If you watch any media where torture is condoned as a form of interrogation, it's usually some kind of Jack Bauer-esque anti-hero. You've got a ticking time bomb, the bad guy knows where it is, but he won't talk, and so you use torture to loosen his tongue. Even though it's been proven that that's not how torture works, and that actually, any kind of "ticking time bomb" kind of situation is actually the worst because there is no way to verify whether or not the victim is telling the truth. I've never seen any kind of Star Wars media that gets into that.

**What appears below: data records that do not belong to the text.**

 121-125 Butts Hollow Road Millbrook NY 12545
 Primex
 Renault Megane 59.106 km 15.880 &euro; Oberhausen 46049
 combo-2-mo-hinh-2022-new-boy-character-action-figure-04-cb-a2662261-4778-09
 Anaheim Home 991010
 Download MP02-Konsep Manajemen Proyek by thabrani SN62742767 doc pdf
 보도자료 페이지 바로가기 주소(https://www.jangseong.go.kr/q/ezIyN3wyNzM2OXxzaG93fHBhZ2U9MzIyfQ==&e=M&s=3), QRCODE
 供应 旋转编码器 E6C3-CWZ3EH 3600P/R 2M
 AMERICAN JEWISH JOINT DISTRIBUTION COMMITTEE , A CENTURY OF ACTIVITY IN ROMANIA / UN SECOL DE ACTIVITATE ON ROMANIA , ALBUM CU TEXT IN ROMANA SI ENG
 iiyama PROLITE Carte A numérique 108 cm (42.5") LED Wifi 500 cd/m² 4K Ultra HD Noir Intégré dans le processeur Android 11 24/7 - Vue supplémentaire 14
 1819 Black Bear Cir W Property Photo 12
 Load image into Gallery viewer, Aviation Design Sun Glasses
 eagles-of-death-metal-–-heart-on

Only the villains are shown as using or accepting torture, and if any good/heroic character ever does it themselves, they are swiftly reprimanded and shown as being in the wrong.

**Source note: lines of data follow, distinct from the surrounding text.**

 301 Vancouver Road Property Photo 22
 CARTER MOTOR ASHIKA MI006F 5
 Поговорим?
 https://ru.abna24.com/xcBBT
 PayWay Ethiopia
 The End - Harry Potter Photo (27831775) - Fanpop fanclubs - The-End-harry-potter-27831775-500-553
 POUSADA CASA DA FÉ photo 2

The only exception I can think of, which I would really ascribe more to bad writing than to any kind of deliberate intention, is this one episode of
Clone Wars where the Jedi capture Nute Gunray. Nute, who is a notoriously cowardly and spineless official, is the kind of person who would give up
any secret to save his own skin. In other words: the kind of person who would probably get very cooperative when faced with the prospect of jail time or worse as punishment for his many crimes.
There's a scene where Gunray being interrogated by Ahsoka and Luminara Unduli where he's being uncooperative. Frustrated by his belligerent attitude, Ahsoka loses her temper and threatens Gunray with her ignited lightsaber. Luminara immediately pulls Ahsoka aside and chastises her, reminding her that threatening someone's life, even as a bluff, is not the Jedi way.
The problem with the scene is that Gunray
immediately cooperates. Ahsoka's brutal, impulsive decision pays off completely and Luminara's completely justified and valid castigation of Ahsoka falls somewhat flat as a result. Because it makes Ahsoka look like she's right and Luminara look like a preachy moraliser who doesn't understand real war.
Like, it was a single part of a half-hour episode that never got brought up again and didn't have any lasting impression on Ahsoka's character, but I definitely think it could have been handled better in retrospect.